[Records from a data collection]
**********

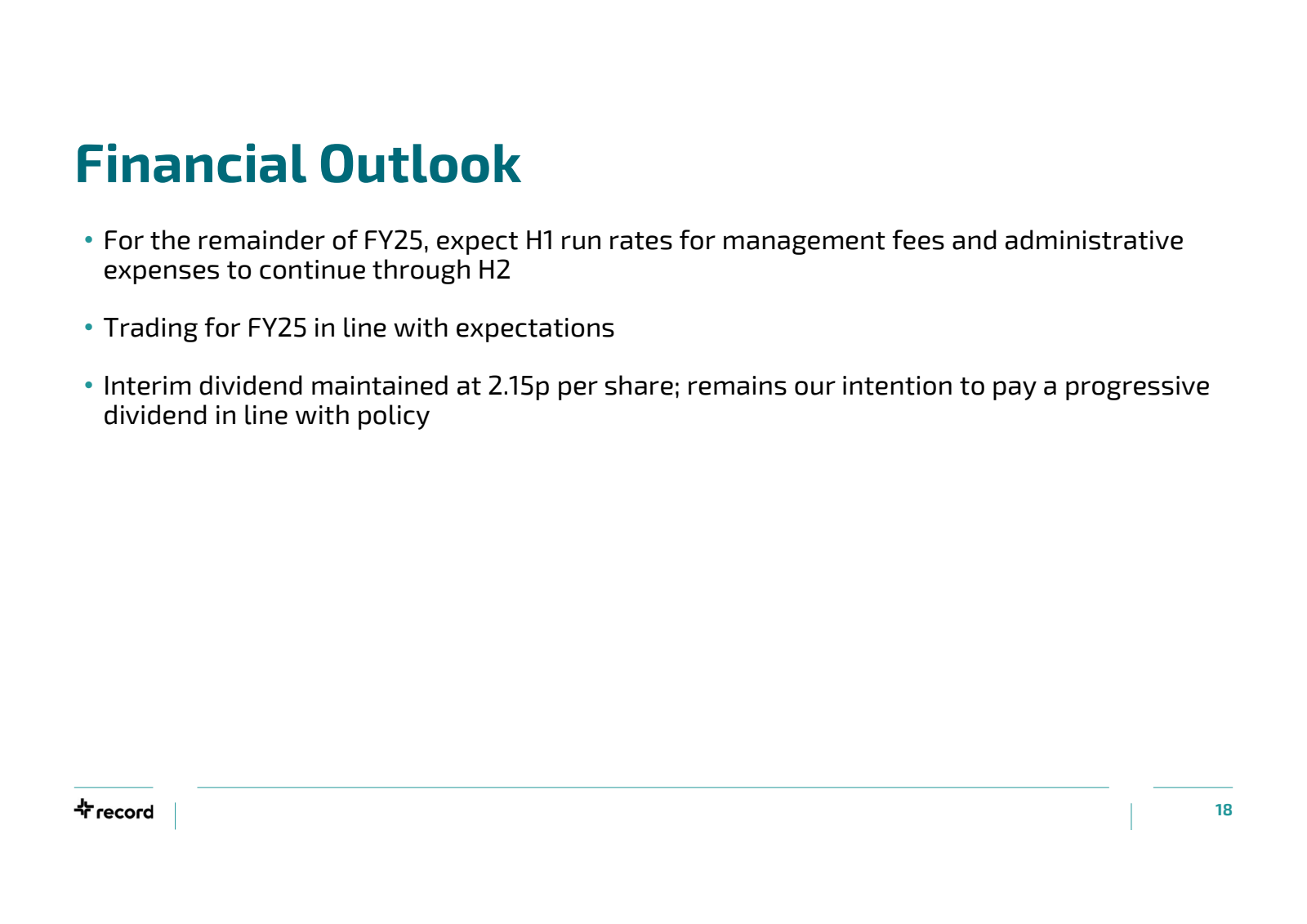 Financial Outlook 

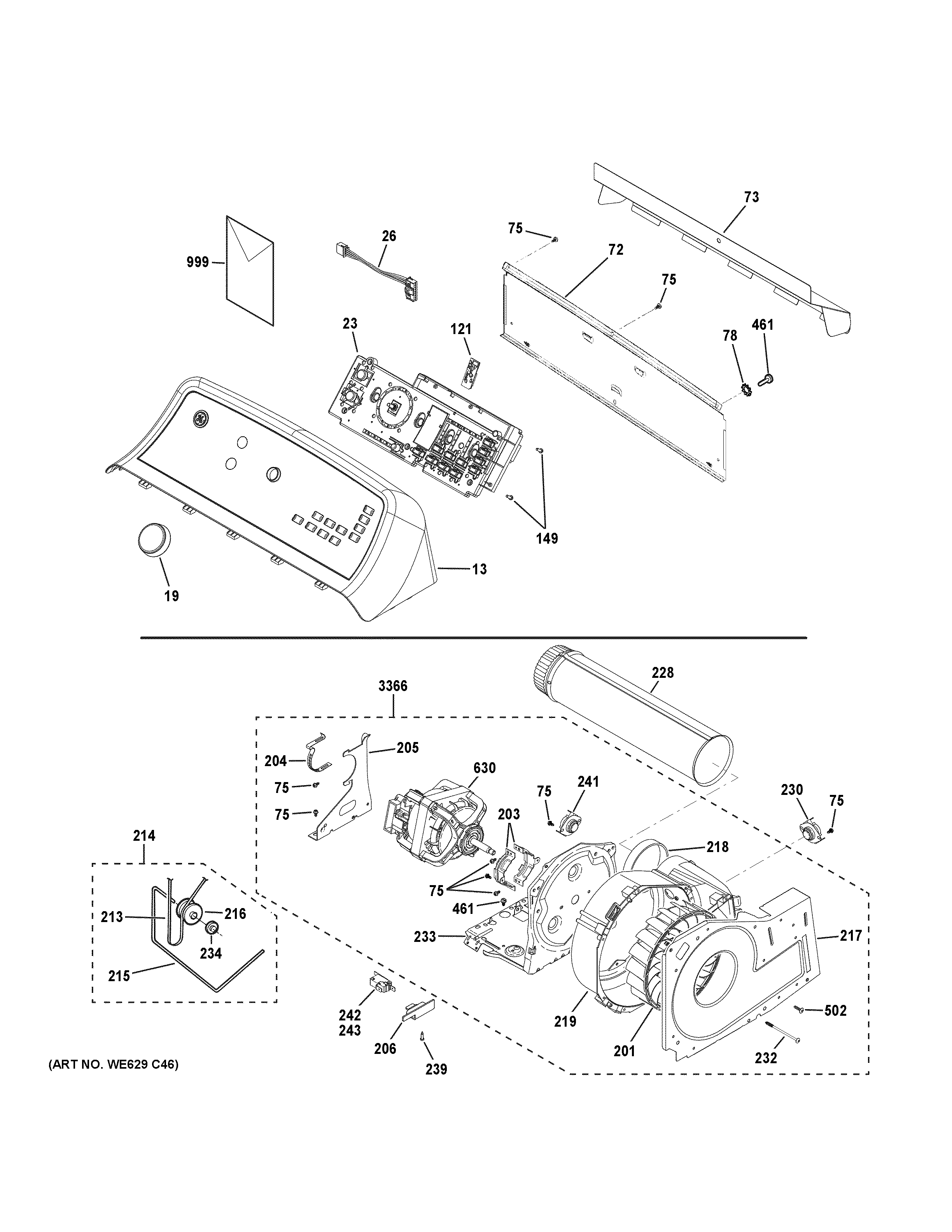 Backsplash, blower & motor assembly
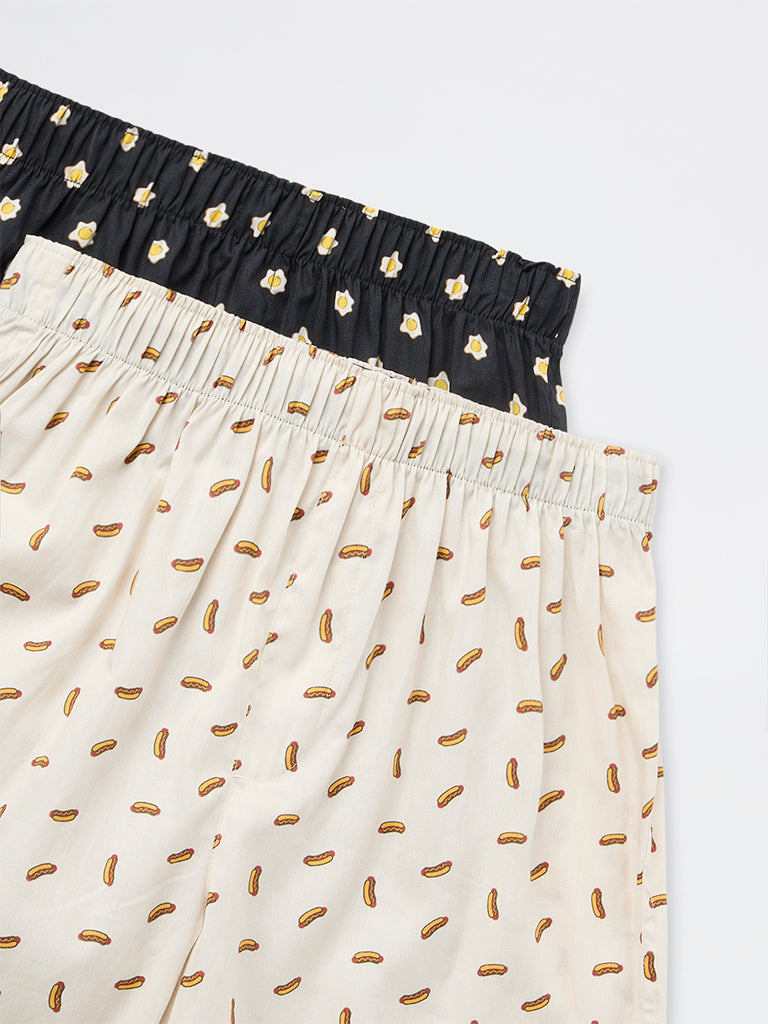 WES Lounge Multicolour Printed Relaxed-Fit Mid-Rise Cotton Boxers - Pack of 2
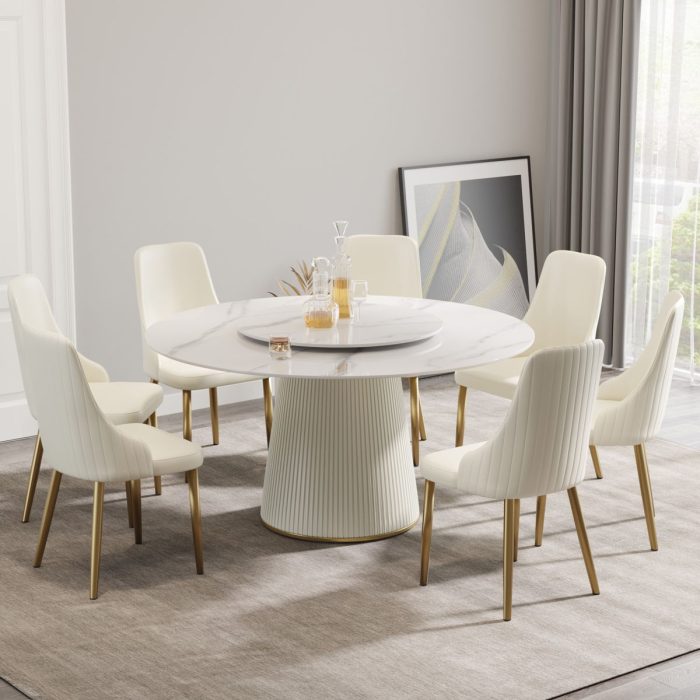 Modern, Round Black Carbon Steel Base Dining Table, Can Accommodate 6 People - Image 4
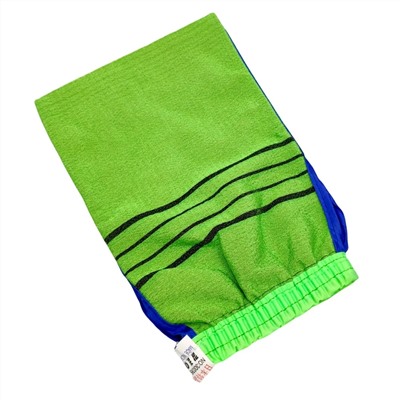 Bath Towel Мочалка-варежка для душа на резинке с пилинг-эффектом, зелёный 24479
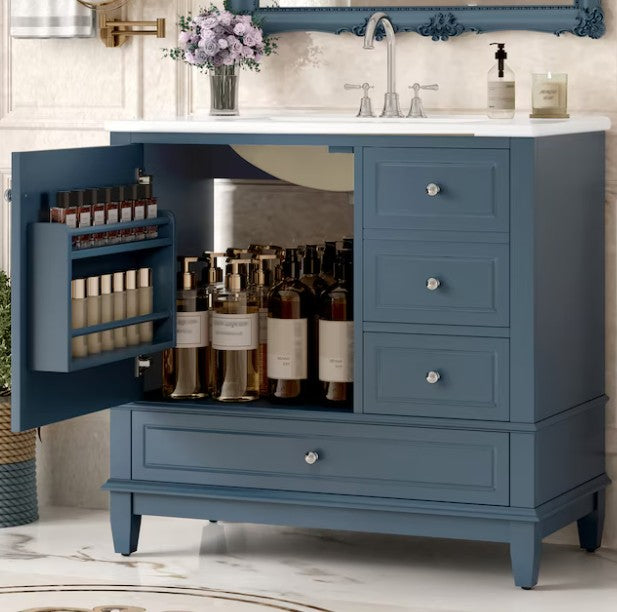 Brand New in Box Freestanding Blue Gray 36-in Single Sink Bathroom Vanity, (#225)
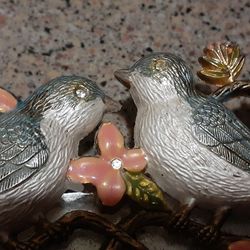 Antique Birds Mirror Tray 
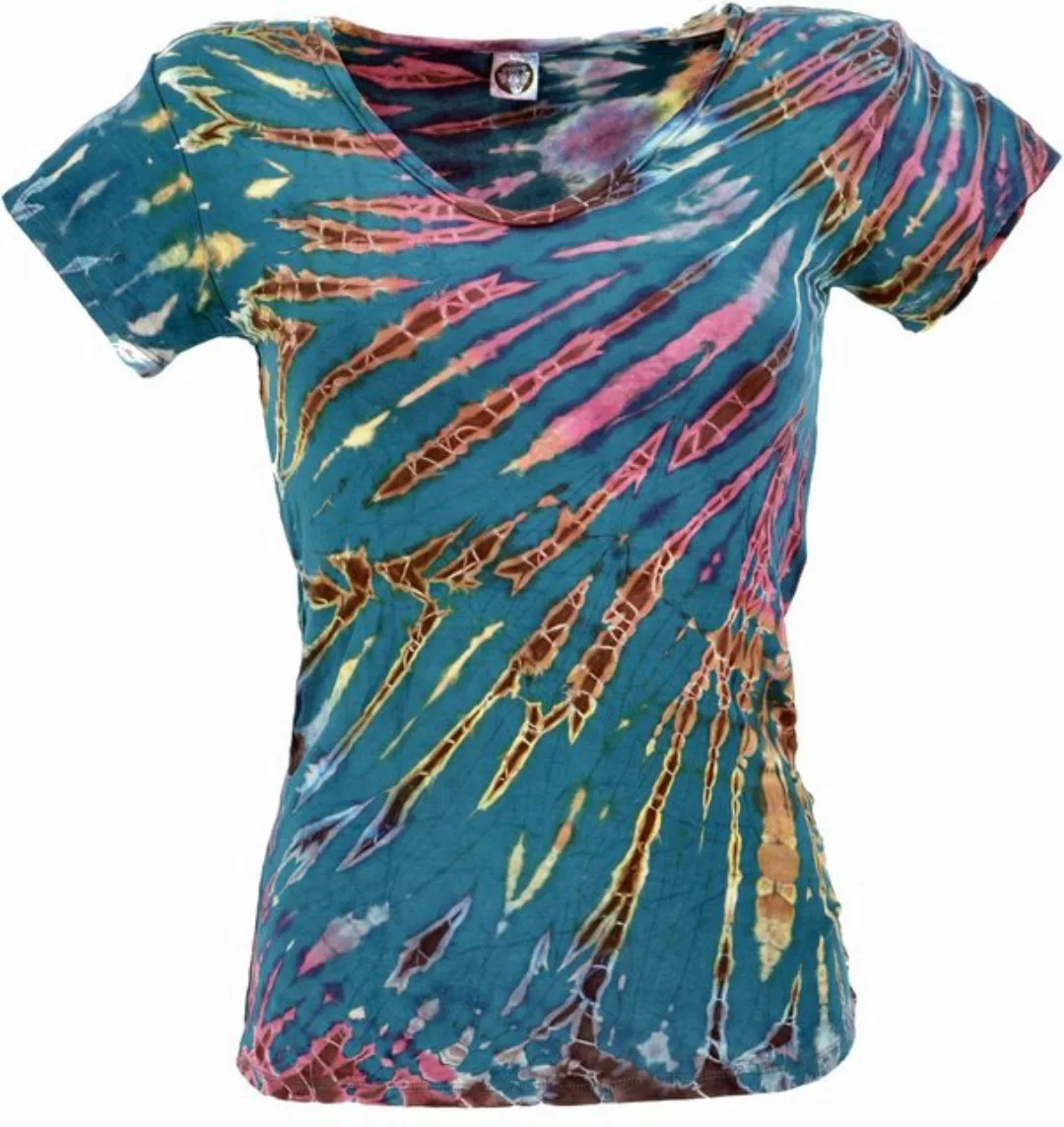 Guru-Shop T-Shirt Batik Hippie T-Shirt mit V-Auschnitt, Unikat.. Festival, günstig online kaufen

**********

*TASK OBJECTIVE*. Give the data again exactly, image-free.

*SOLUTION*.
 Financial Outlook 

 Backsplash, blower & motor assembly
 WES Lounge Multicolour Printed Relaxed-Fit Mid-Rise Cotton Boxers - Pack of 2
 Modern, Round Black Carbon Steel Base Dining Table, Can Accommodate 6 People - Image 4
 Bath Towel Мочалка-варежка для душа на резинке с пилинг-эффектом, зелёный 24479
 Brand New in Box Freestanding Blue Gray 36-in Single Sink Bathroom Vanity, (#225)
 Antique Birds Mirror Tray 
 Guru-Shop T-Shirt Batik Hippie T-Shirt mit V-Auschnitt, Unikat.. Festival, günstig online kaufen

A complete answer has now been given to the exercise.